The Pentagon has been investing heavily in research and development of breakthrough technologies that can overcome information friction on the tactical level while addressing strategic challenges such as cyber security. In addition, the Defense Department has established many user innovation and information organizations like Air Force Kessel Run, the Defense Digital Services, and its Adaptive Aerospace program, which is working to optimize information practice in combat systems such as avionics and datalinks.

However, despite these positive signs of progress, the military must take another look at its educational programs. The GoArmyEd portal, which is used by Soldiers at all levels to request tuition assistance and track degree progress, must be upgraded to provide a more seamless user experience. Its current cumbersome and arduous process makes it difficult for users to enroll in courses that could help them advance in their careers.

More generally, the military needs to commit to improving its understanding of the social dynamics of technology use.

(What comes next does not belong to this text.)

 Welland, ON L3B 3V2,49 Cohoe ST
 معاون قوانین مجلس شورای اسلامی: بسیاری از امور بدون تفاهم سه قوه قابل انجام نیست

Lindsay’s book is an excellent start in that effort, demonstrating that no matter how powerful information technology may be, its effectiveness depends on how well organizations and people operate with it. This lesson is something that should be well understood by those who design IT, but it appears to have been forgotten in the military.

Until the military changes its mentality on how it views education, it will be difficult for it to fully capitalize on the power of Service Members as educated employees and a force multiplier. It is time to commit to improving its educational system and making it more accessible for its Service Members.

4) Training

An IT professional ensures the seamless operation of systems by constructing communication frameworks for organizations, securing information and records, or aiding clients in resolving malfunctions with their portable gadgets. This vocation necessitates an in-depth grasp of the workings of each digital application. It also calls for the capacity to analyze intricate technical data and furnish instructions to users in utilizing it.

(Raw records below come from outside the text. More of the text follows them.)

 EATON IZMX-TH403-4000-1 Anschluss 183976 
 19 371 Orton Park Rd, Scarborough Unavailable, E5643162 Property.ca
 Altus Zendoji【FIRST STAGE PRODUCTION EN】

The military needs the ability to collect, integrate, analyze, and deliver battlefield information. This information can be in the form of intelligence gathering and distribution; precision strike capability; platform control; sensor data processing; or human performance.

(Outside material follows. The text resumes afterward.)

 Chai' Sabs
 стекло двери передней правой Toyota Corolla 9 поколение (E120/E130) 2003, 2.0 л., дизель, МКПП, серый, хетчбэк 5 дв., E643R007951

Military personnel must be able to process this information promptly to enable effective decision-making on the battlefield. Training for this purpose is a major component of the armed forces, including cadets at universities, midshipmen on their initial tours of duty, and personnel in operational units. Regardless of rank, these trainees must be trained to use new technologies that are rapidly changing the nature of warfare.

This book explores the micro-foundations of military power in the information age through a series of detailed historical cases and ethnographic studies. It shows that no matter how powerful a piece of equipment is, its effectiveness depends on how well people and organizations operate with it.

Lindsay’s case study on an Air Force software package called FalconView demonstrates how the emergence of user innovation can improve military information systems. However, these systems can also become insulated from warfighting requirements and prone to failure. The interplay between organic organizational solutions and unconstrained warfighting problems produces four distinct regimes of information practice: managed, insulated, adaptive, and problematic.

In each of these regimes, the value of information technology cyclically increases and decreases in war. Adaptive practices, which can improve warfighting systems, require collaboration between a range of users, including civilians. To be successful, these collaborative regimes need to overcome ingrained bureaucratic prerogatives. The failure of a Navy SEAL unit in Iraq’s Anbar province exemplifies how ingrained cultural preferences can mask information practice and lead to counterproductive behavior.